First you need to find the index of the minimum, and then remove that value in both lists. The following should work, where steps refers to the number of elements you want to remove.

steps = 2
for i in range(steps):
    index = np.where(a == min(a))
    np.delete(a, index)
    np.delete(b, index)

Answer 2

You can use numpy.argsort to get the sorted indices of a particular array (by default, in ascending order). Remove the first n indices and then sort the indices using sorted:

n = 2
indx = sorted(np.argsort(a)[n:])

Use indx to mask both the arrays.

Example:

# Generate sample arrays
b = np.arange(7)
a = np.random.choice(b, size = b.size, replace = False)

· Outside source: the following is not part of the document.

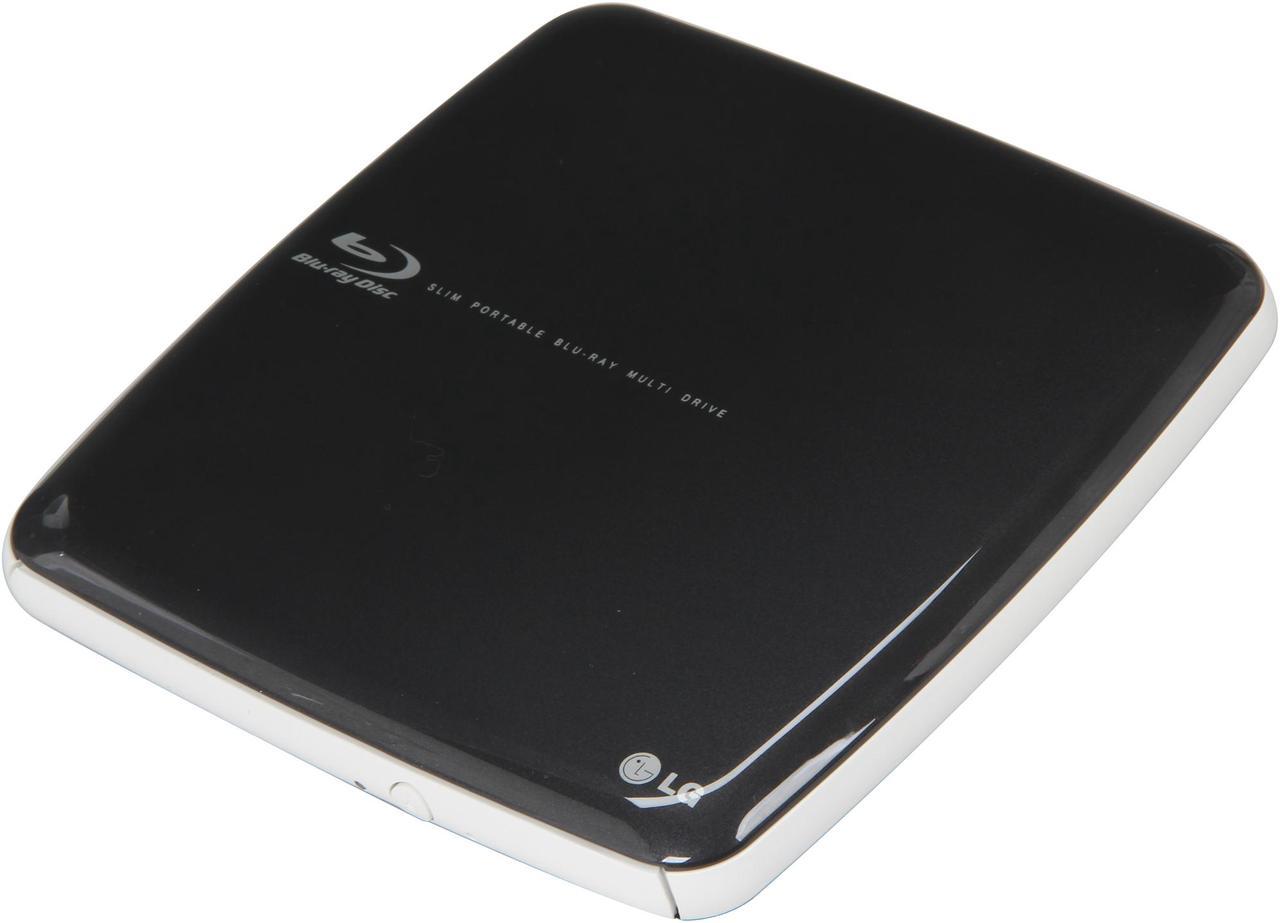 LG USB 2.0 Super Multi Blue Slim Portable Blu-ray Drive Model CP40NG10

# b = [0 1 2 3 4 5 6], a = [3 6 0 4 2 5 1]

# Generate indices
n = 2
indx = sorted(np.argsort(a)[n:])

# Mask
>>> b[indx]
[0 1 3 4 5]
>>> a[indx]
[3 6 4 2 5]

Hope this helps.

Answer 3

Here's a basic method that uses pop() and enumerate():

a = [0, 3, 1, 2, 5]
b = [1, 3, 8, 7, 8]

count = 0
for i,v in enumerate(a): # For index, value in a...
    if v == min(a) and count < 2: # If the value from that iteration is the smallest number and the amount of numbers removed so far is less than 2...
        a.pop(i)
        b.pop(i)
        count += 1

print(a)
print(b)

Output:

[3, 2, 5]
[3, 7, 8]

Answer 4

Try numpy delete method, to delete elements by index.

import numpy as np

a = np.array([1, 2, 3, 4, 5, 6, 7, 8, 9])
index = [2, 3, 6]

new_a = np.delete(a, index)